• Assignment:
Look through the data below and output, unchanged, every line from the one holding "Bong (ASST COLOURS)" through the one holding "Poster Let's Investigate", inclusive. Skip the pictures.

• Records:
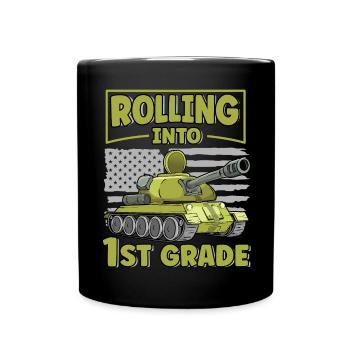 Retour dans le drapeau américain du char drôle de 1ère année - Mug uni - noir - Devant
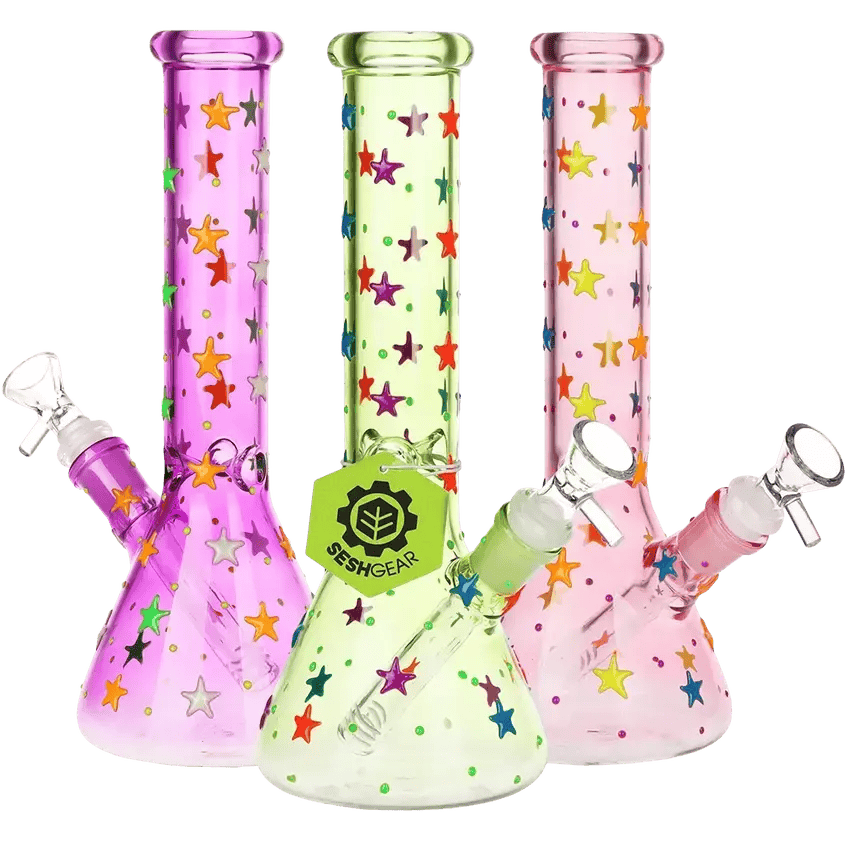 SESHGEAR - 10" Tall 14mm Shining Star Beaker Glass Bong (ASST COLOURS)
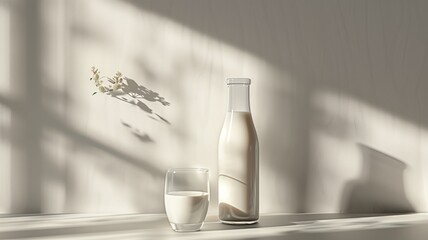 Minimalist design with milk bottle and glass.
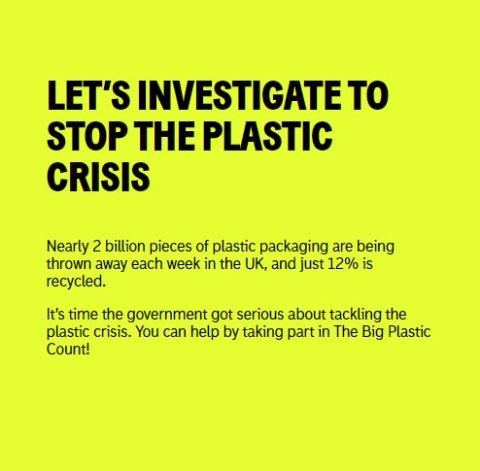 Poster Let's Investigate to stop the plastic crisis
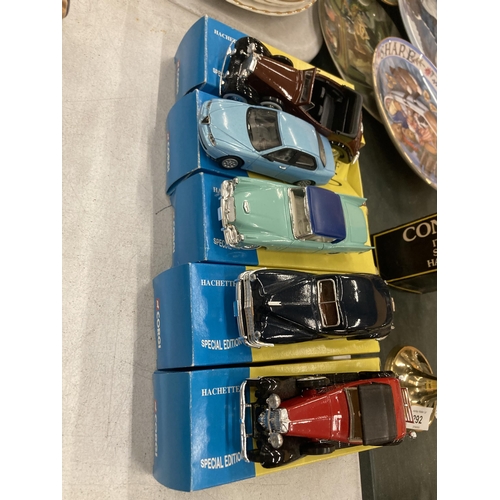 294 - FIVE BOXED CORGI 'A CENTURY OF CARS' TO INCLUDE A STUDEBACK SILVER HAWK, CHRYSLER WINDSOR, DUENENBER... 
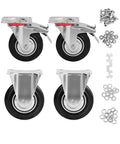 3 Inch Heavy Duty Caster Wheels Set Of 4 With Brakes, 360 Degree Swivel Locking Casters In Non Marking Polyurethane Rubber with hardware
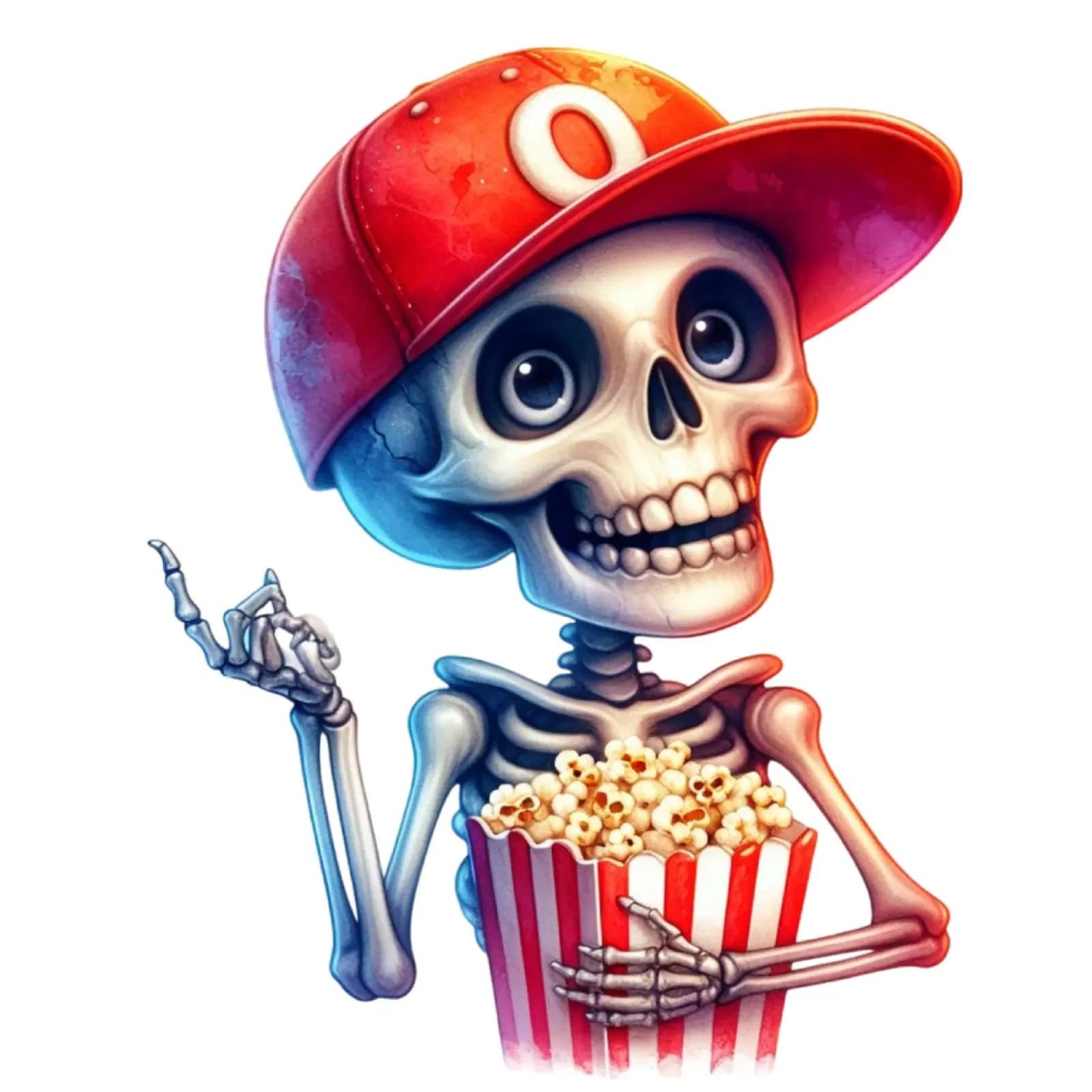 Cute Skeleton with Popcorn Baseball Cap 4500 X5100PX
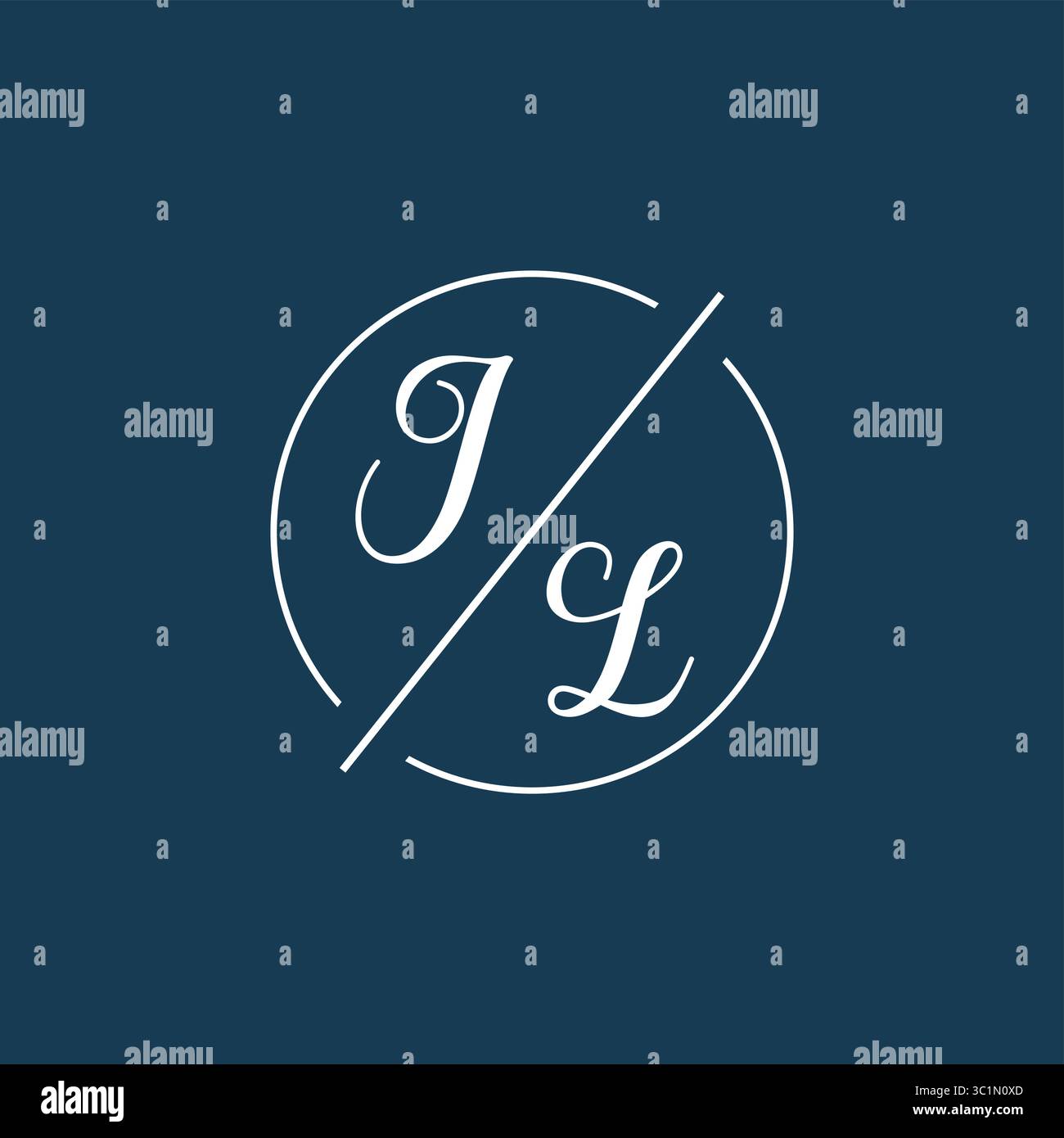 Initial Letter JL-Logo-Monogramm mit kreisförmiger Linienvektorgrafik Stock Vektor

• Solution to the exercise:
 SESHGEAR - 10" Tall 14mm Shining Star Beaker Glass Bong (ASST COLOURS)
 Minimalist design with milk bottle and glass.
 Poster Let's Investigate to stop the plastic crisis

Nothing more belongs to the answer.